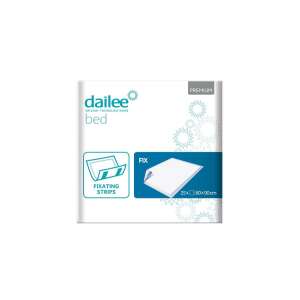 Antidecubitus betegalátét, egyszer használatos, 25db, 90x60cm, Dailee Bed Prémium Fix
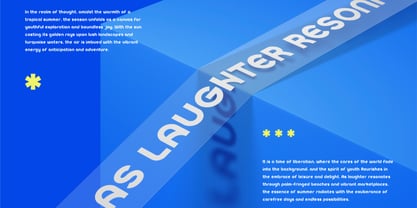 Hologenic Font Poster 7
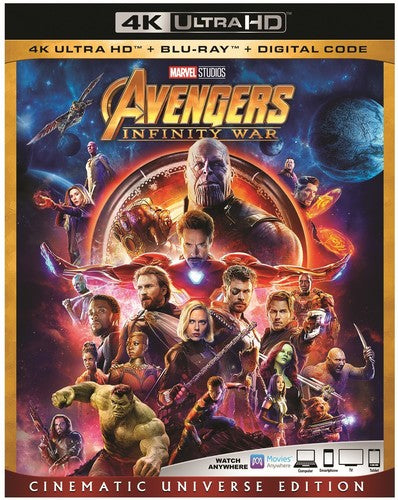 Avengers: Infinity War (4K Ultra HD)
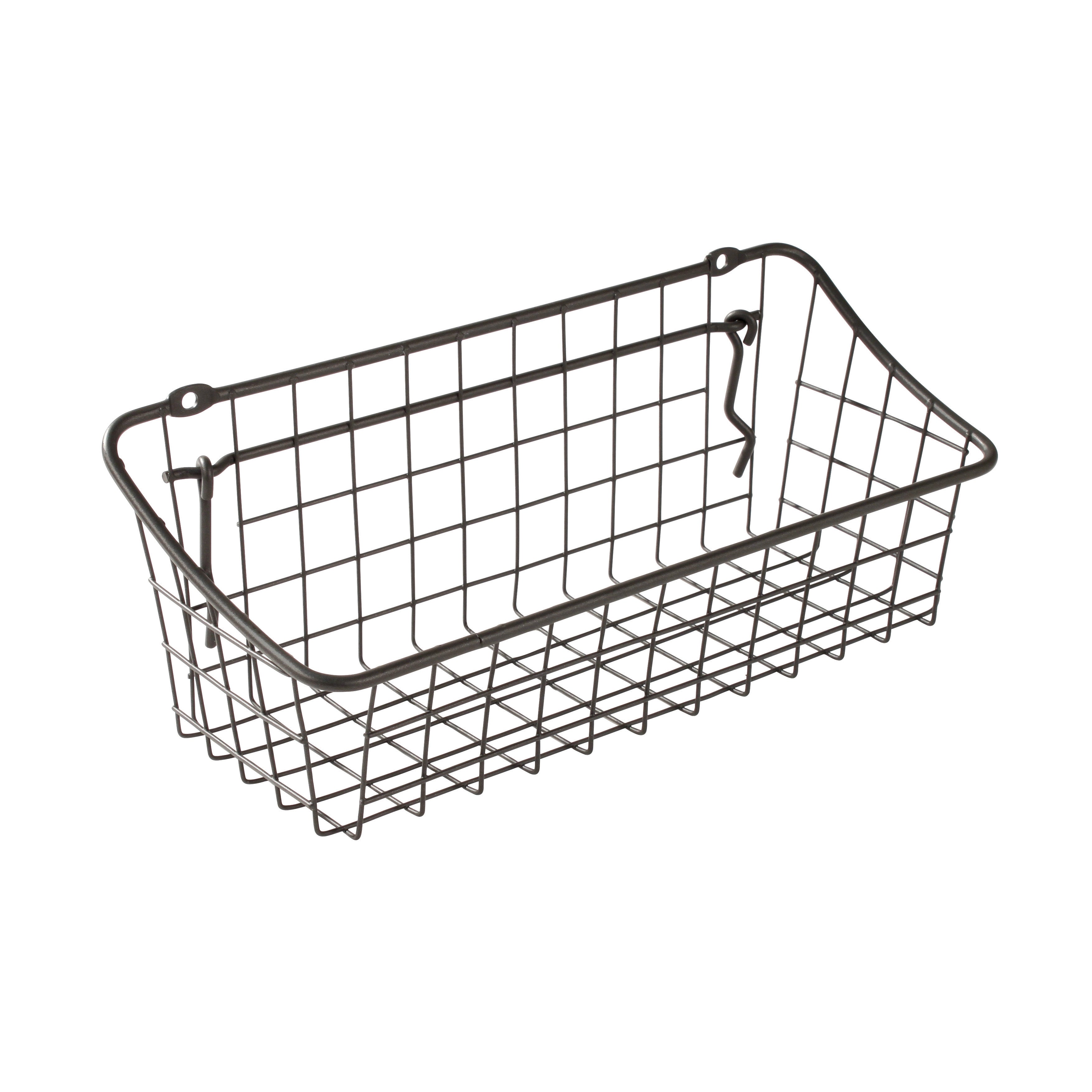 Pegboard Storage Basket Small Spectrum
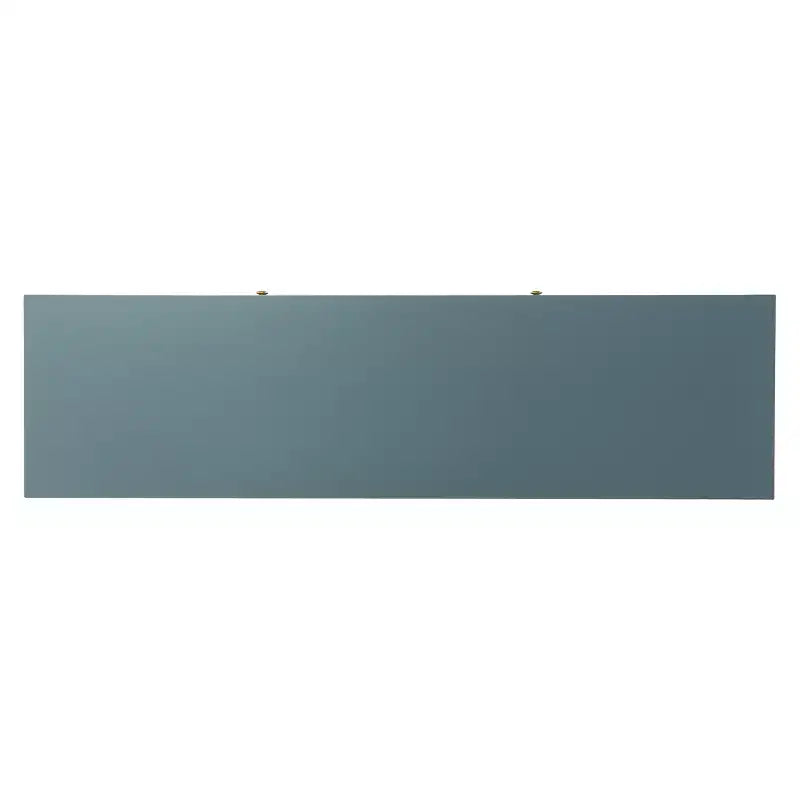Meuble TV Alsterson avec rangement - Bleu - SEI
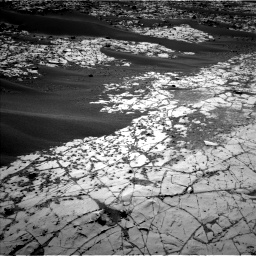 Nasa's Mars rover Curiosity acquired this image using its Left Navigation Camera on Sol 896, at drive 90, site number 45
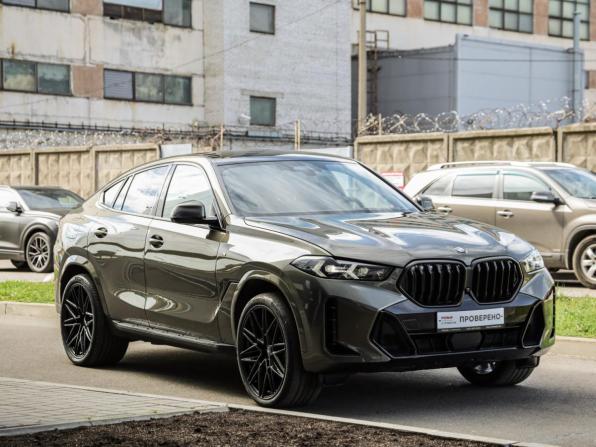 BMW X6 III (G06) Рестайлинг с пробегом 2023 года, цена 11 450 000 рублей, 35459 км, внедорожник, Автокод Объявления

--

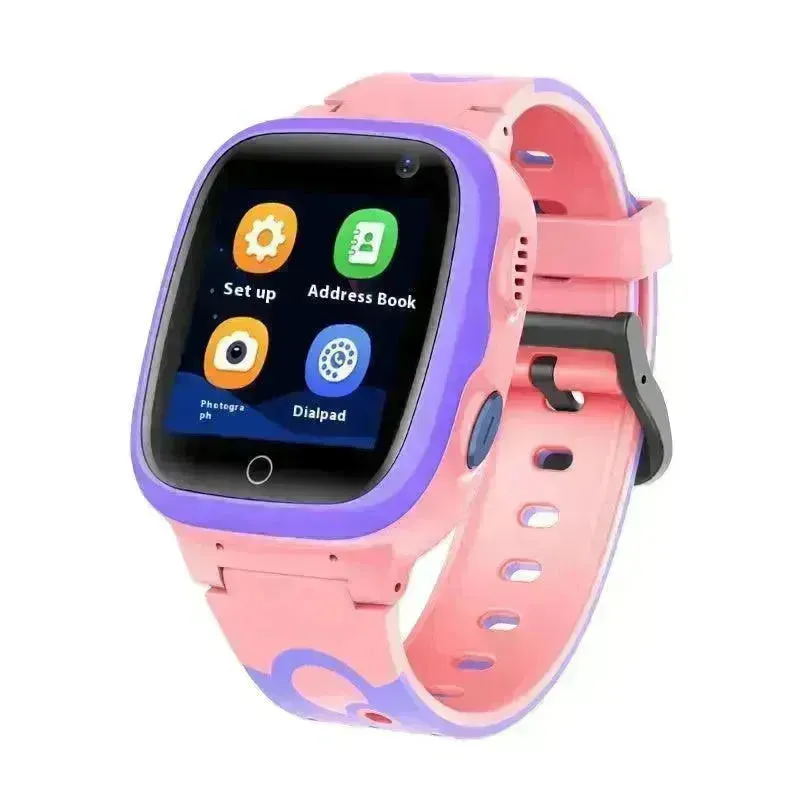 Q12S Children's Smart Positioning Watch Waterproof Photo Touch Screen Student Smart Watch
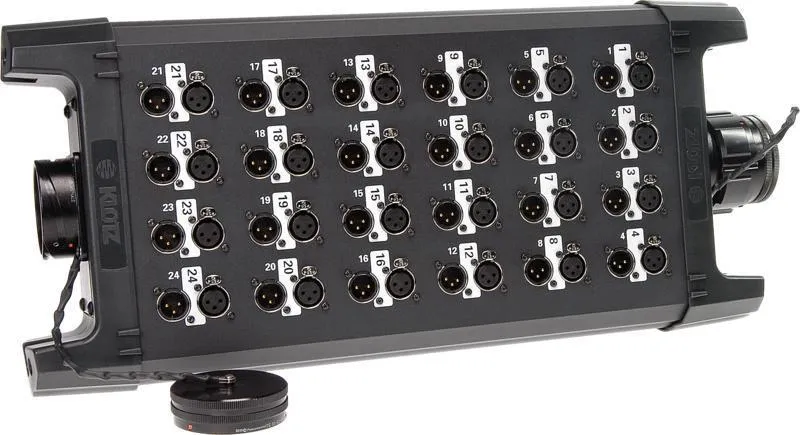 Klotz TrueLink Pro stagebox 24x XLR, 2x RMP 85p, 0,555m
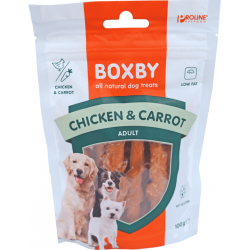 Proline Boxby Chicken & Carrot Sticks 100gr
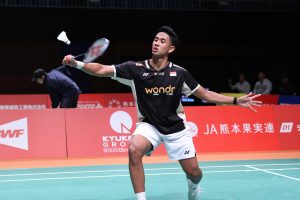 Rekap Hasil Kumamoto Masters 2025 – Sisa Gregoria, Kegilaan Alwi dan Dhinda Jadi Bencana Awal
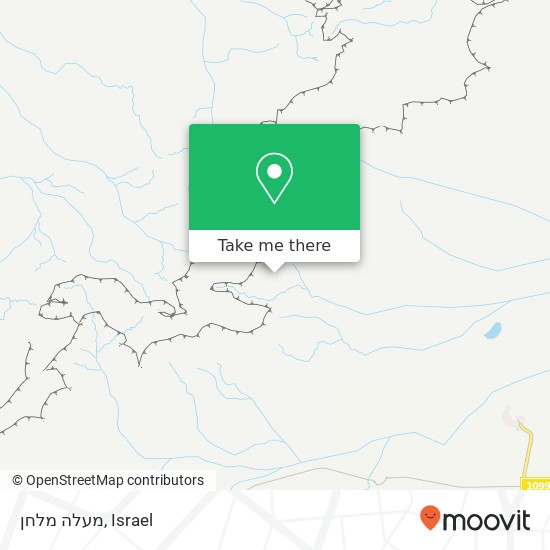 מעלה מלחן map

==

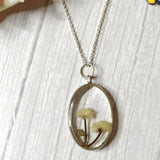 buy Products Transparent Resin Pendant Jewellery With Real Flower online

#### What you will do
Having found the line with "Antidecubitus betegalátét, egyszer" and the line with "BMW X6 III (G06)" in the material above, write out exactly those two and every line between, leaving the pictures out.

#### Answer to the problem
 Antidecubitus betegalátét, egyszer használatos, 25db, 90x60cm, Dailee Bed Prémium Fix
 Hologenic Font Poster 7
 Avengers: Infinity War (4K Ultra HD)
 Pegboard Storage Basket Small Spectrum
Meuble TV Alsterson avec rangement - Bleu - SEI
 Nasa's Mars rover Curiosity acquired this image using its Left Navigation Camera on Sol 896, at drive 90, site number 45
 BMW X6 III (G06) Рестайлинг с пробегом 2023 года, цена 11 450 000 рублей, 35459 км, внедорожник, Автокод Объявления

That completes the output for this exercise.